I find single-origin chocolates very interesting, in much the same way as a winemaker works with grapes. Each year, Mother Nature influences the bean and what it will taste like. It will be different each year, in the same way that grapes vary because of weather and other conditions. Using chocolate from a single plantation may be very different from one year to the next and, as a chef, I find the changing flavor profiles interesting to use and to marry with many types of finished confections.
Beans are grown on land that’s 20 degrees north or south of the equator on cacao trees, which begin to fruit 3 to 5 years after maturity. They grow in pods that are 8 to 10 inches long, containing about 35 beans surrounded by mucous membrane.

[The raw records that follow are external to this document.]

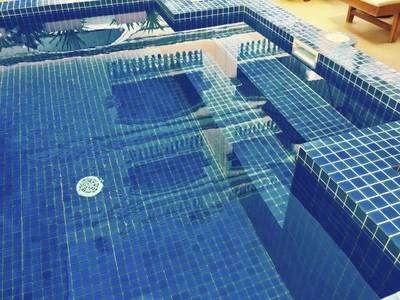 Cassia Fistula villa Apartment | $300 Condo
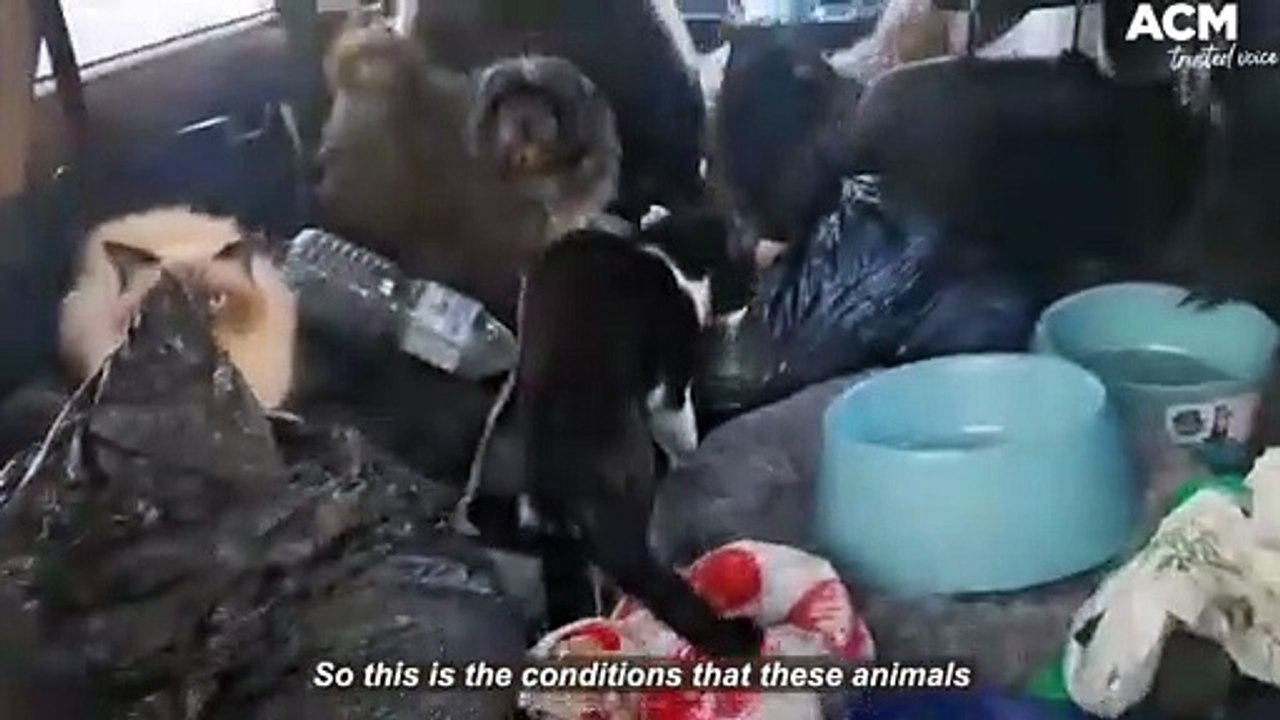 Thirteen cats and seven dogs rescued from a car in Newcastle, NSW | July 13, 2022 | Newcastle Herald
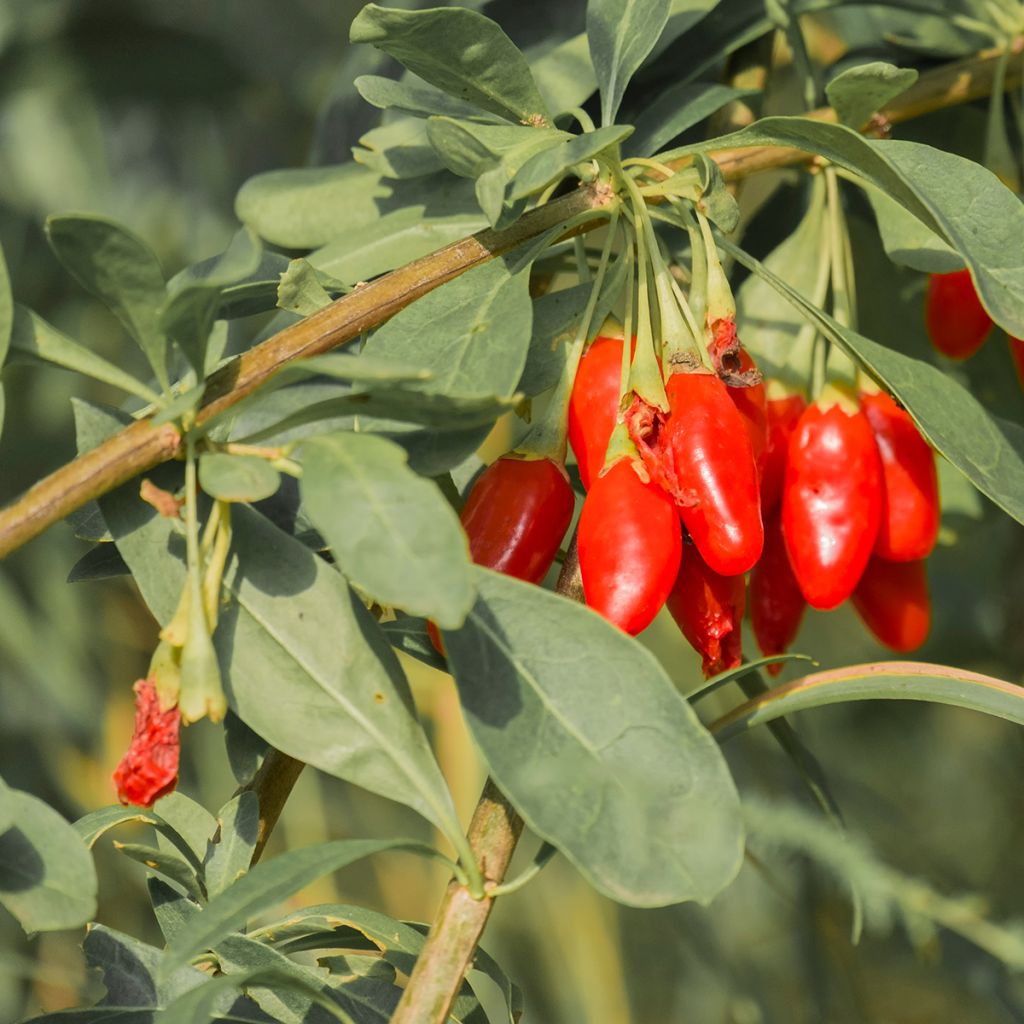 Goji Q1 - Lycium barbarum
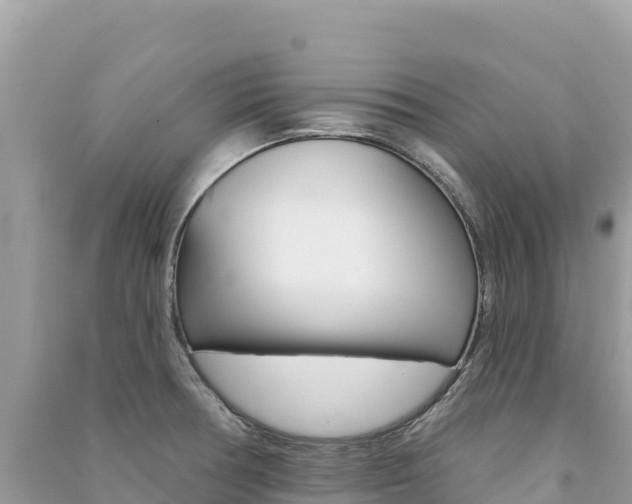 X0000091311378200708101100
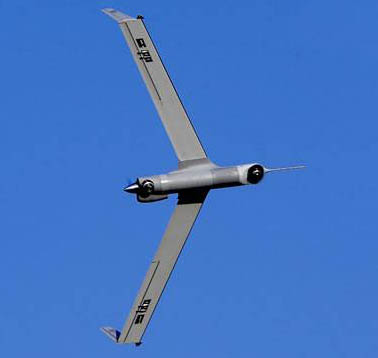 ���ʳƷ���һ����������յ�����ɨ��ӥ�����˻�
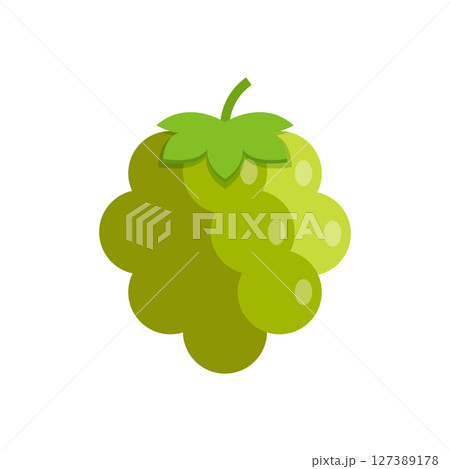 Grape fruit icon in flat style. Grape berry vector illustration on isolated background. Nature snack sign business concept. 127389178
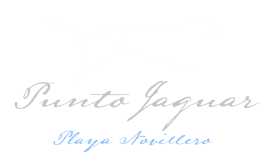 Logotipo Punto Jaguar TEXTO 2 - FONDO OSCURO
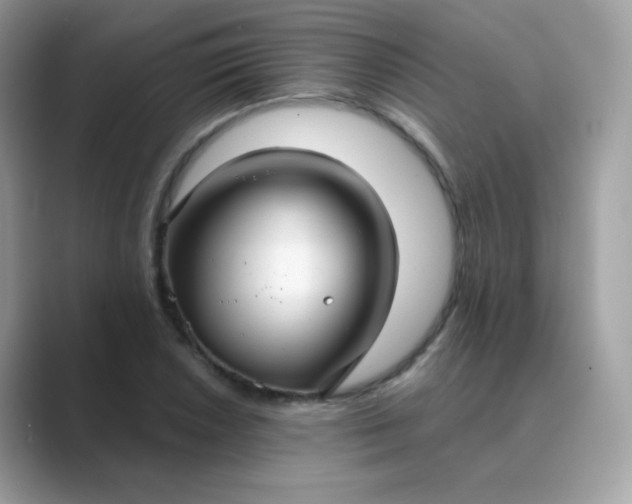 X0000089721026200707051716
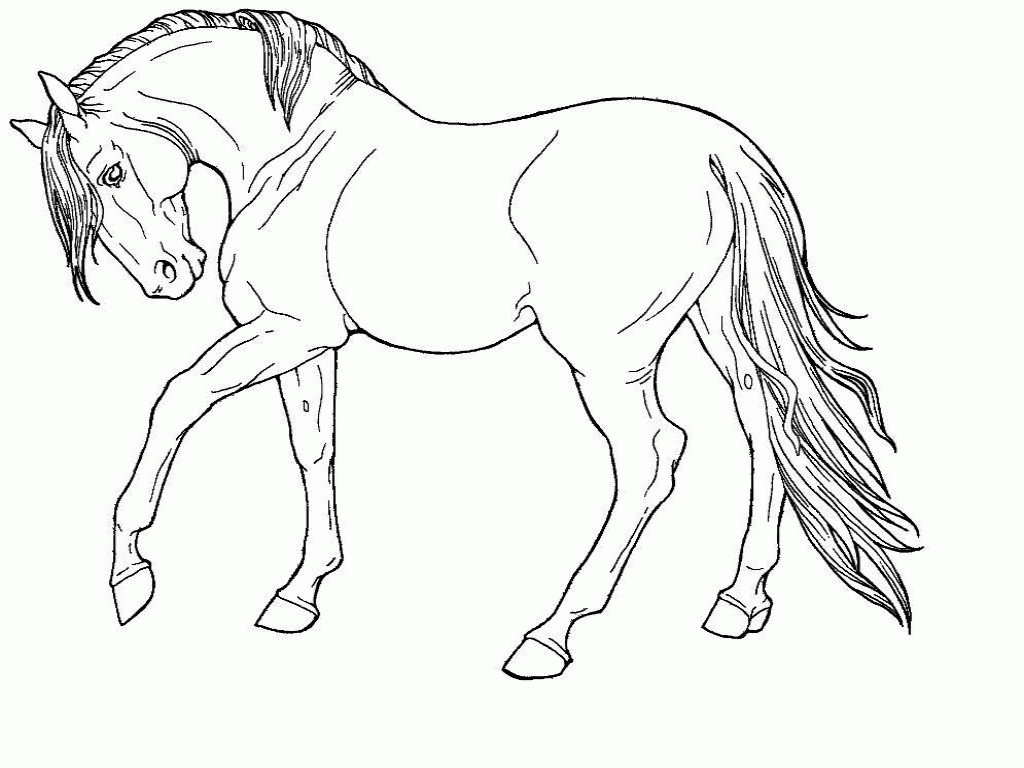 Free Free Printable Realistic Horse Coloring Pages, Download Free Free ...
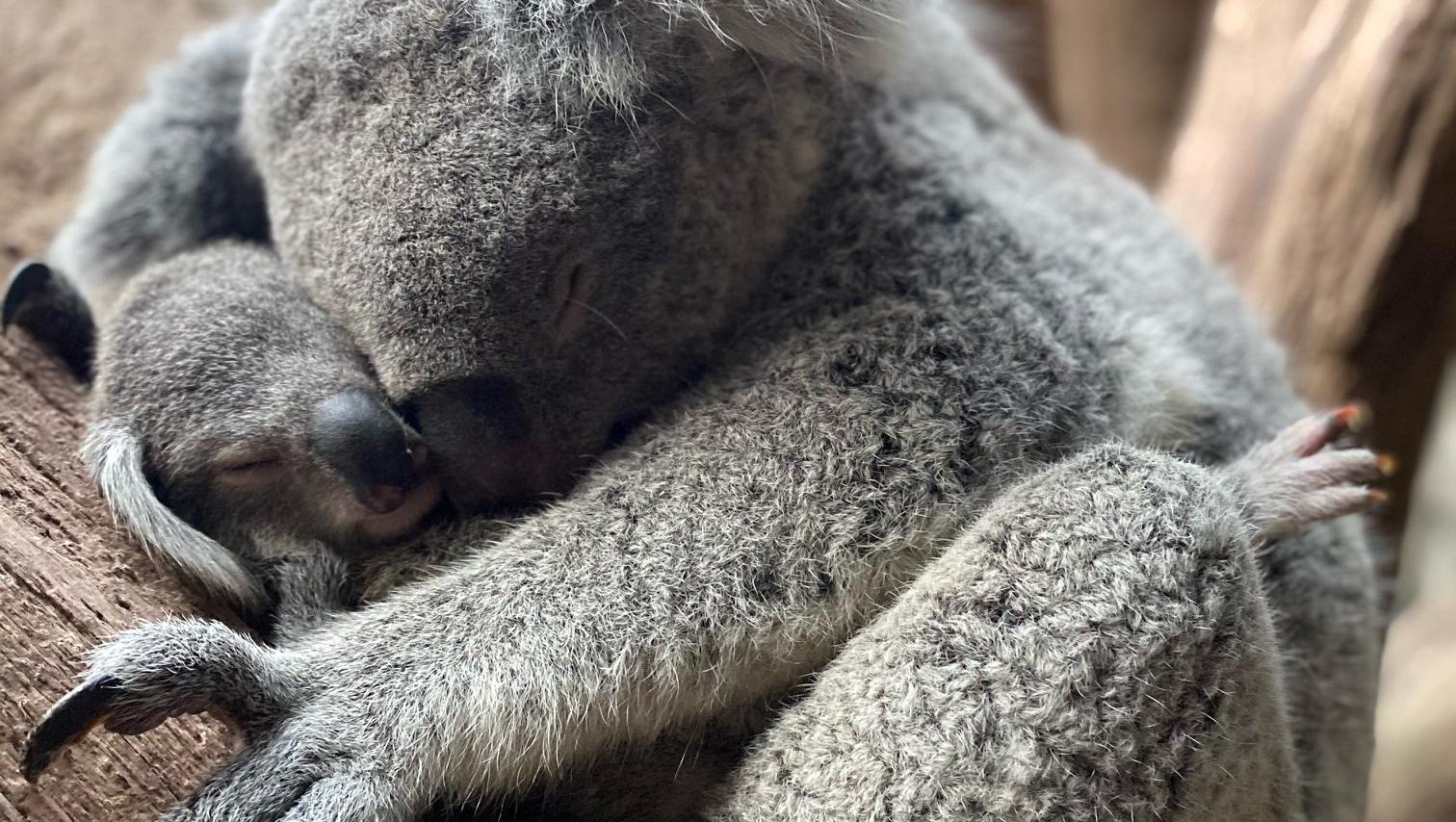 Liebe Pur Im Leipziger Zoo Koala Baby Kuschelt In Mamas Arm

When the pods turn crimson, they are ripe and picked, and the beans are extracted. First, they are fermented in wooden vats in the tropical sun for hours or days. Then they are dried on large screens set on the floor or just above it. The beans are raked and turned to dry. Then they are packaged and sent to manufacturers around the world who remove stones and debris then roast the beans. The shells are removed and what’s left is the nib, which is the beginning of chocolate. The nibs are ground and turned into a paste. During this process, much of the cocoa butter is removed. What’s left is cocoa liqueur that is put in a conching machine – a big mixer, where sugar and cocoa butter are added, the amount depending on the type of chocolate being made. Some chocolates contain vanilla as well and an emulsifier. Chocolates range from bittersweet, which contains no sugar, to semi-sweet to milk chocolate, which contains milk and more sugar.
I don’t make the chocolate I use but purchase it from the best manufacturers in the world. It’s much the same as if I were operating a steakhouse; I wouldn’t want to own a cattle ranch, but I would source the finest beef in the world.
Do you have a favorite chocolate from a particular region?
My favorite is a Venezuelan bean from the Maracaibo region. It has moderate acid and lots of red fruit flavors, which I like in chocolates, and a fairly consistent cocoa intensity.
You have been awarded a wide array of accolades from Top Chef to Coup de Monde de la patisserie. Is there one award that stands out among your most favored?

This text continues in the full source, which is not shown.